We decide to go to the next mountain experience 30km further on, called Baths. Apparently hot springs. It’s a long drive on these roads and as we approach there are lots of locals guiding us where to park. A complete zoo. No real parking space and people hassling us like crazy, many verging on being quite rude and aggressive. But having come this far we do venture through the barrage and up to the hot baths. Once arrived, there are yet more people hassling us, this time offering massages.
The so called hot baths are mere concrete troughs with dirty looking hot water fed from springs. Several people are lying on rocks having hot towels draped over them, then roughly massaged. This is apparently the massage we were being offered. It’s all pretty grubby and not inviting in the slightest. One look at each other and we know without saying that it’s “no thank you very much” and within a minute we turn back down to the car. There’s also a hotel which probably offers a slightly better experience / cleaner water, but it was also very busy with lots of people queuing at the reception.
We are frankly glad to get out of there (hearing the locals shouting “don’t come back” as we walk passed them) back to the quiet descending road. It really was an unpleasant experience and we wonder how the authorities expect people to enjoy these sites when they are ruined for foreign visitors.
Our journey back is long and slow. We really don’t feel like stopping anywhere on the way. On our drive south we spotted an interesting looking beach bar on the reasonably pretty Long Beach and we made a mental note to stop there on our way back, but as we return doesn’t look inviting enough for us and after another hour driving we are glad to be back in the civilized marina.
But Cloudy is baking hot inside (33degC) and lots of mosquitoes outside. So we turn the A/C on and swelter until it finally cools to a pleasant 26degC as we eat dinner inside.
Outside we hear a bit of a commotion. A small sports fisher boat with 4 men has just arrived from Dominican Republic. They only seem to speak Spanish and one of the crew from another yacht is helping the customs and immigration officers with interpretation. Apparently there is a question of the boat ownership. It has a Florida registration number decal on the topsides and they have no registration papers. Yet they are claiming it’s their boat! It’s all a bit fishy. And to add to the situation, they have an off-road ATV (quad bike) strapped on the foredeck, where you would normally expect a dinghy to be!
We leave them to their commotion as we pass heading to the marina bar. Here we find the 2 guys from the American yacht who arrived in the anchorage 1 hour before us. The owner is an ex USAF pilot who used to be based in Mildenhal, just a stone’s throw from where I was brought up.
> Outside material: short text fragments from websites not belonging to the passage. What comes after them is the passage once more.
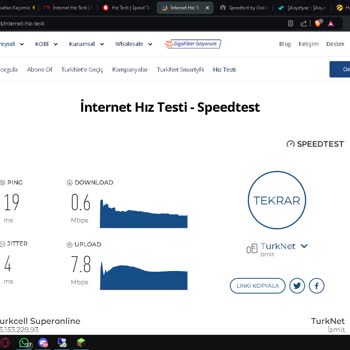 Superonline Sorunlu İnternet Hizmeti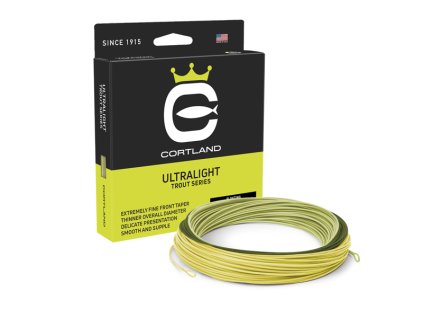 Cortland Trout Ultralight Tricolor
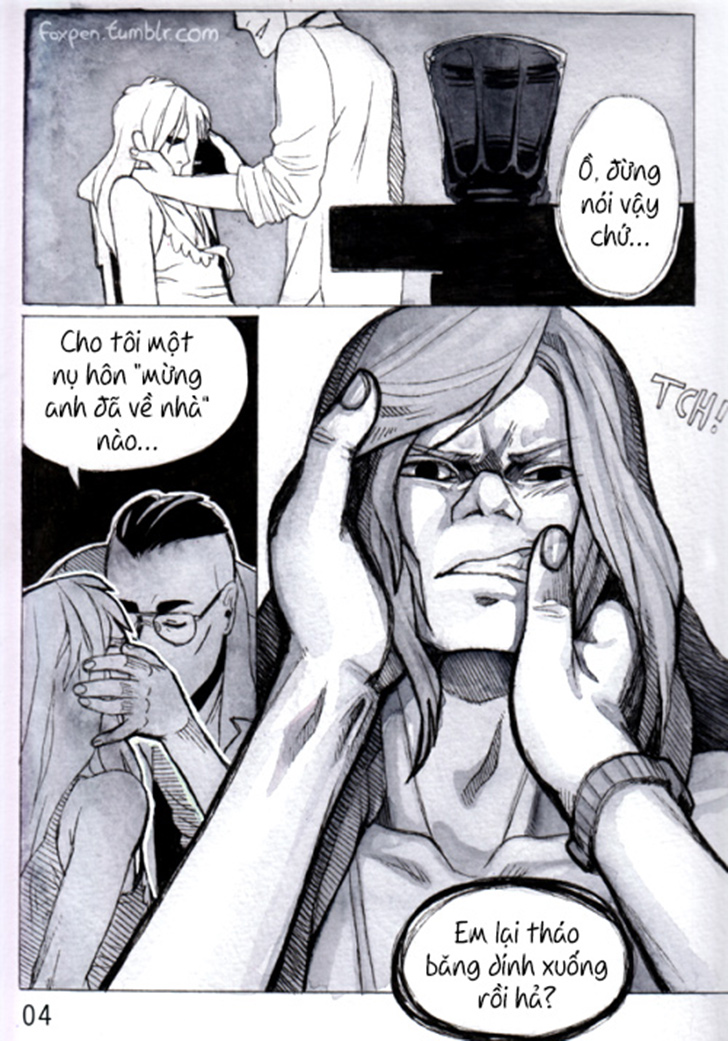 Đọc truyện hentai Honeymoon cabin Chap 1
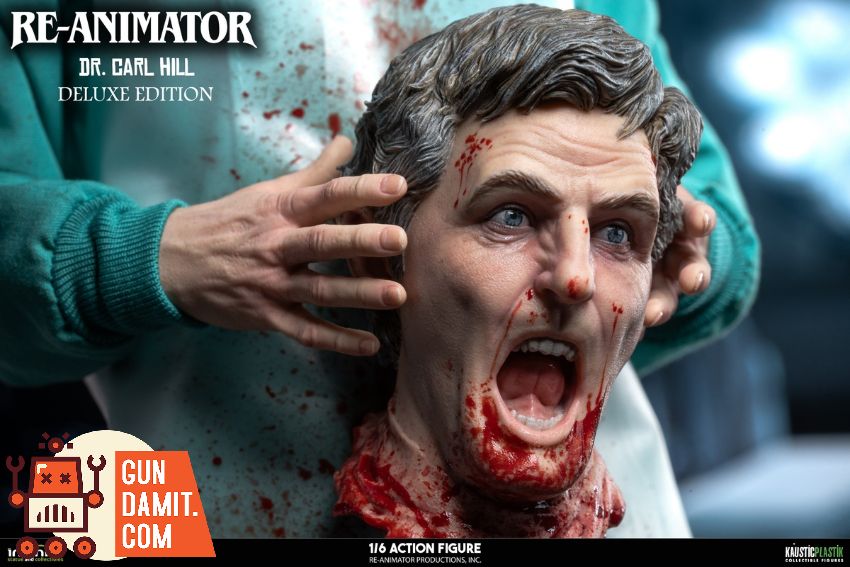 Infinite 1/6 Re-Animator Doctor Carl Hill Deluxe Ver. - View 10 Infinite 1/6 Re-Animator Doctor Carl Hill Deluxe Ver. - View 10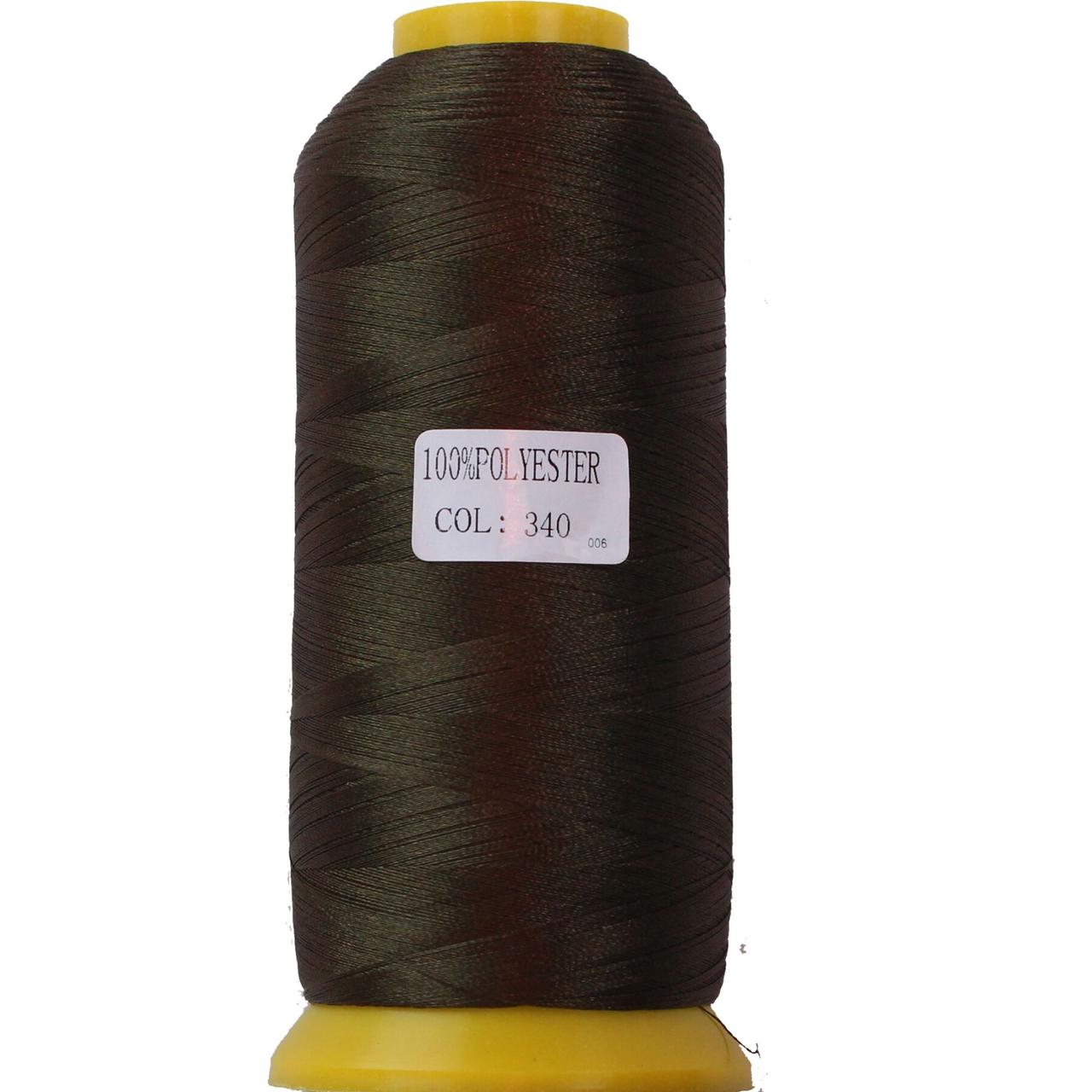 Нитка поліестер 40, 120D/2, колір 340, Козачок-ТМ, фото 1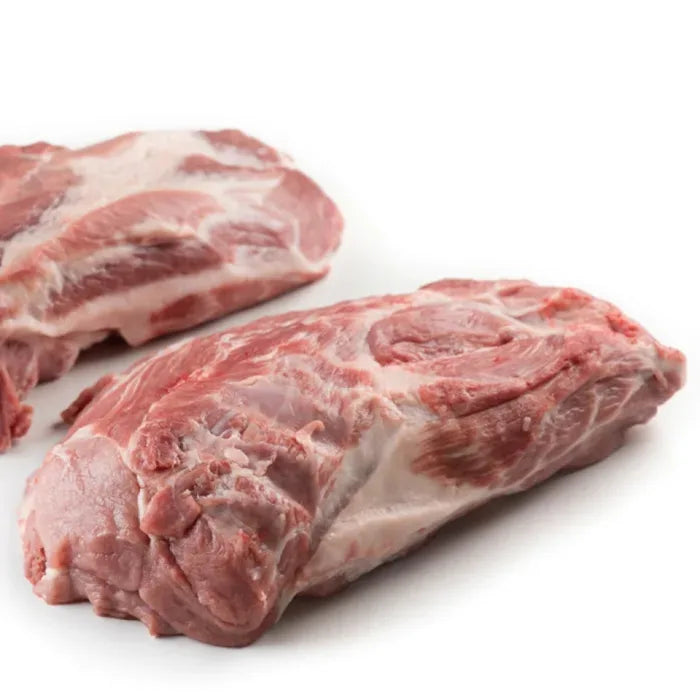 Frozen Raw Pork Collar (Price Per Kg) Box Appx. 27kg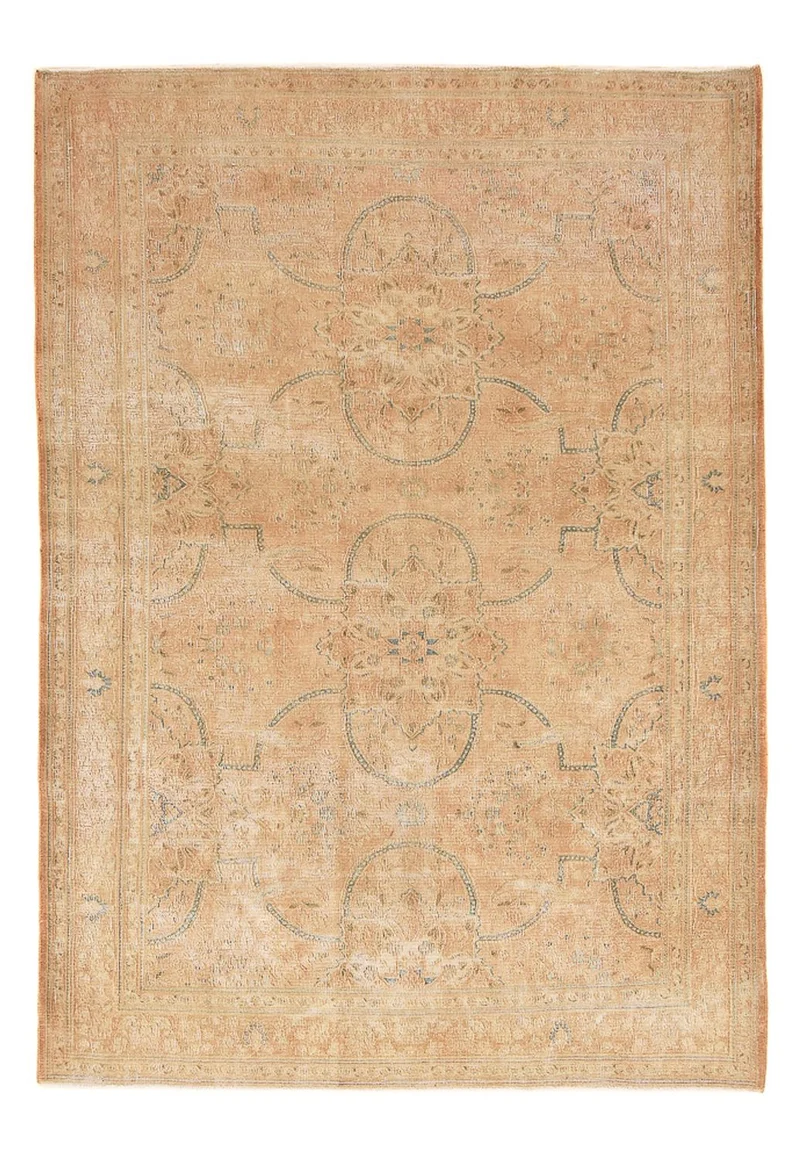 Vintage Teppich 195x283cm - beige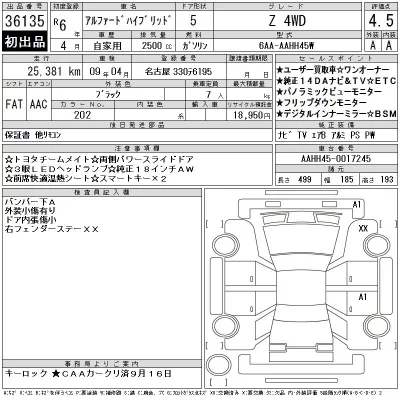 Toyota ALPHARD HYBRID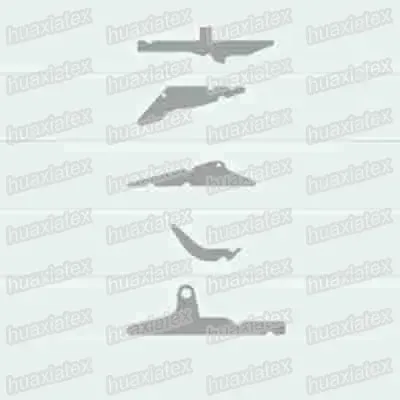 Sinker Pins 7 spare part for warp knitting machines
He also seems to have cruised most of the Caribbean and has some interesting stories. And while talking, he mentions the Royal Jamaica Yacht Club is worth a visit, in Kingston. So we put it on our list for tomorrow’s trip.
There are also 2 Swedish guys who just arrived on their Bavaria after a 4 days passage from Curaçao. They have stories of being engaged by the UK naval ship and USCG in a search and rescue operation for a dinghy that has been seen floating near them. They actually find the dinghy, but no sign of life. So they took it in tow. Only to lose it the next night when they have 4m waves! They stopped in Las Rocas off the coast of Venezuela, and they have a story about being approached by US and UK navy boats inquiring whether they have sighted a small plane with no lights on. Spooky. Always entertaining talking to other cruisers!
As we plan to leave early tomorrow for day 2 of our road trip, we are unusually early in bed by 10pm. Zonked.